Show boat est non seulement une production majeure des années 30, une comédie musicale de grande classe, c'est aussi un film crucial pour son metteur en scène, l'infortuné James Whale qu'on assimile trop souvent au film d'horreur et d'épouvante dans la mesure où ses quatre films les plus connus font tous partie de cette catégorie... Ce sont pourtant les seuls du genre, dans une oeuvre diverse, où on trouve aussi bien des mélodrames (Waterloo bridge, version de 1931), un musical (Show boat, donc), des films d'aventures historiques (The man in the iron mask), une participation à l'une des versions du film de guerre Hell's angels de Howard Hughes, ou une adaptation de Marcel Pignol (Port of seven seas)! Show boat est sans doute le plus connu des films non fantastiques de Whale, et à juste titre... C'était, il est vrai, une grande date pour la Universal.
Sur le Mississippi, nous assistons à la vie sur le steamboat Cotton Blossom, un show boat, c'est à dire un bateau comprenant un théâtre, qui fait la tournée des villes portuaires sur le fleuve. La famille qui compose la troupe est organisée autour du capitaine Andy Hawk (Charles Winninger) et de sa redoutable épouse Parthenia (Helen Westley): l'acteur principal, Steve Baker (Donald Cook) et son épouse, la prima donna Julie La Verne (Helen Morgan), mais aussi un couple de comiques, Frank Schultz (Sammy White) et Elly Chipley (Queenie Smith): tous chantent, dansent, et jouent la comédie.
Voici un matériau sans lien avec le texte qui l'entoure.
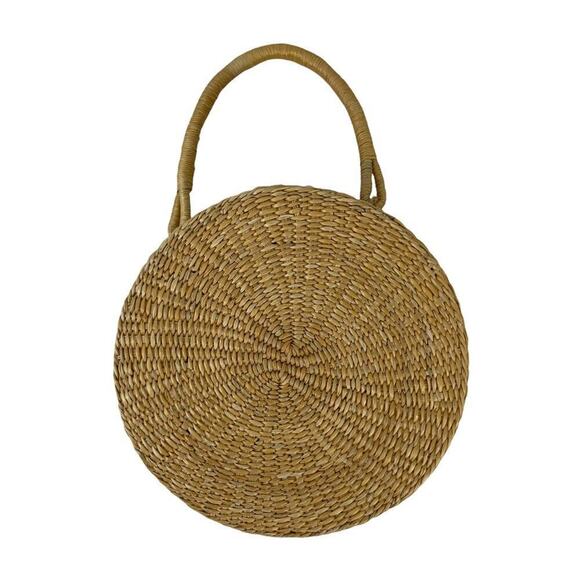 Romar Corp 90's Coastal Round Woven Rattan Clutch Purse Straw Handbag Neutral - Picture 16 of 16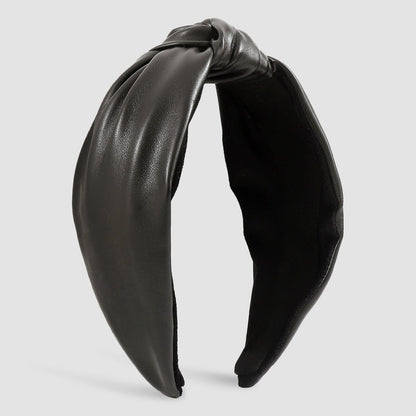 F4984 Hair Accessories French Elegant Hong Kong Retro Leather Headband Creative Flannel Fashion Headband Women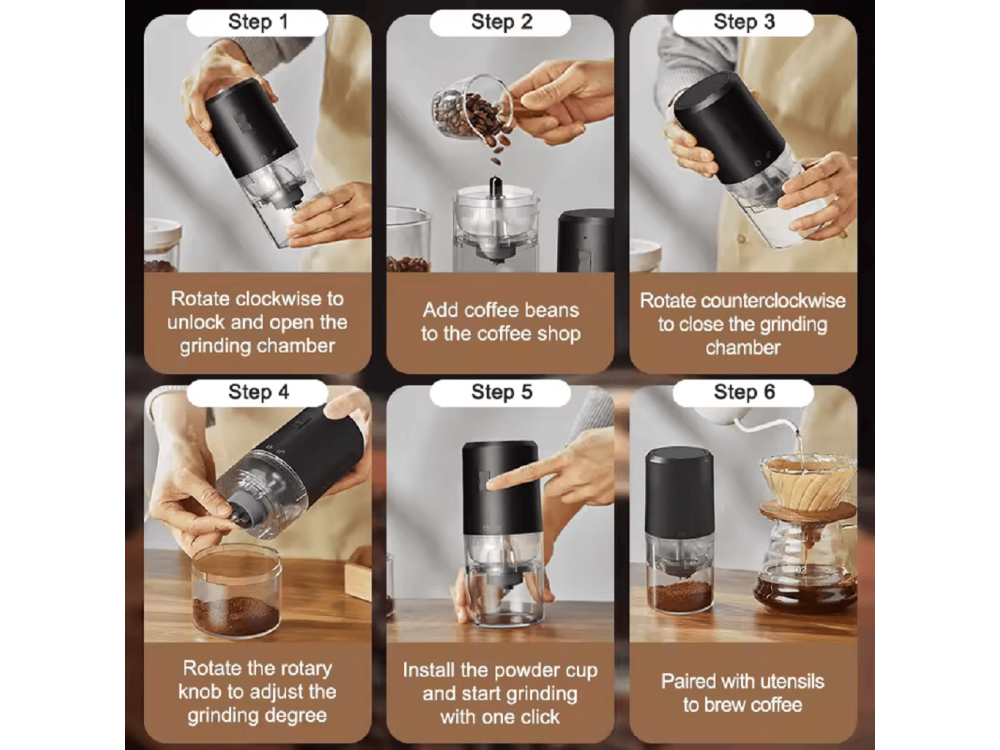 AJ Burr Portable Coffee Grinder, Φορητός Μύλος Καφέ για Όλα τα Είδη Καφέ, Black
Magnolia (Irene Dunne), la fille d'Andy et Parthenia, aimerait bien aussi participer, mais sa mère, motivée par une morale Sudiste quasi-Victorienne, le refuse...
...Jusqu'au jour où Julie doit précipitamment quitter la compagnie, étant noire, ce que peu savaient. Elle part avec son mari afin d'éviter les ennuis à ses employeurs. Obligés de trouver un remplacement, les Hawks engagent donc un inconnu, l'aventurier Gaylord Ravenal, et lui donnent comme partenaire leur fille, qui est ravie non seulement de monter sur scène, mais aussi de donner la réplique à un homme qui lui plaît beaucoup...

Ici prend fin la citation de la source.